Mr. Lugar basically supports the administration's war policy, but he said, "Even if the decisions have been correct, the diplomacy has been deficient."

Others in the Senate said that Mr. Hagel and Senator Joseph R. Biden Jr. of Delaware, the top Democrat on the committee, had approached the chairman some months ago and had encouraged him to be more outspoken and aggressive, but that Mr. Lugar had resisted.

"It's just not his style," said Thomas E. Mann, a senior fellow at the Brookings Institution who is an expert on Congress. "He doesn't raise his voice. He is personally a conservative person, and he doesn't want to undermine Bush's re-election."

Loch K. Johnson, a political scientist at the University of Georgia who has written extensively about Congress and foreign policy, said the biggest difference between Congress in 1966 and today was that then the Democrats had a large majority in the Senate and they could afford to challenge Johnson on Vietnam without jeopardizing their control of Congress.

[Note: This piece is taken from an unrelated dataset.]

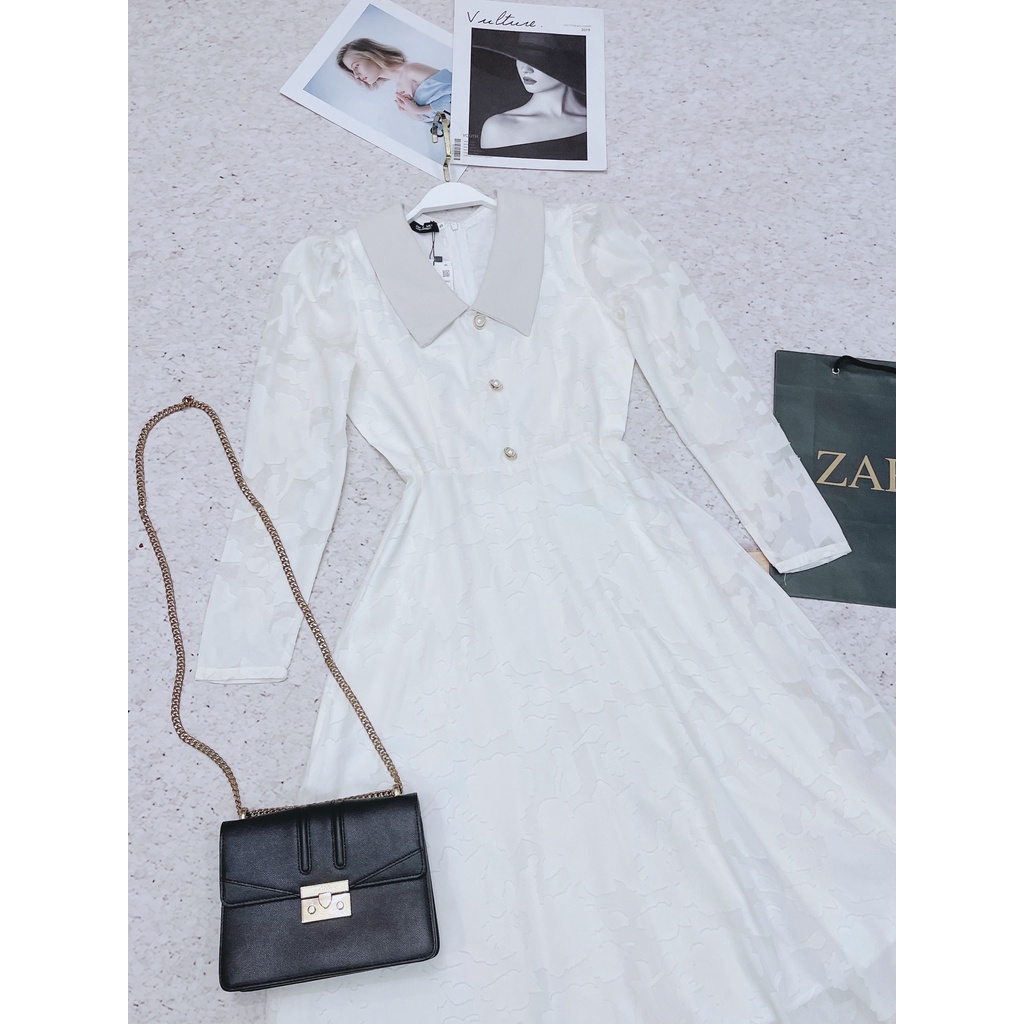 Váy trắng hoa nhí vintage cổ nơ body tay dài ulzzang chun eo , Đầm thiết kế dáng dài | BigBuy360 - bigbuy360.vn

Republicans today, with their bare majority, do not have that luxury, he said.

Mr. Lugar agreed with that analysis. "We are a country that's about 50-50, and I want to be a unifying force," he said.

He is especially proud, he said, that his committee is an island of bipartisanship in a sea of polarization in Congress.

Mr. Hagel did not disagree, but he said: "What troubles and surprises me about the administration is that when you have someone like Lugar, as respected and knowledgeable a senator as there is, to not use him. He's smart, he's articulate and it deprives the administration of a tremendous reservoir of knowledge and experience."

Mr. Lugar said he could force the administration's hand by delaying confirmations or holding up financing, but he said he did not intend to do that.

Unlike Mr. Fulbright, he said, "I have no desire to lead a revolt."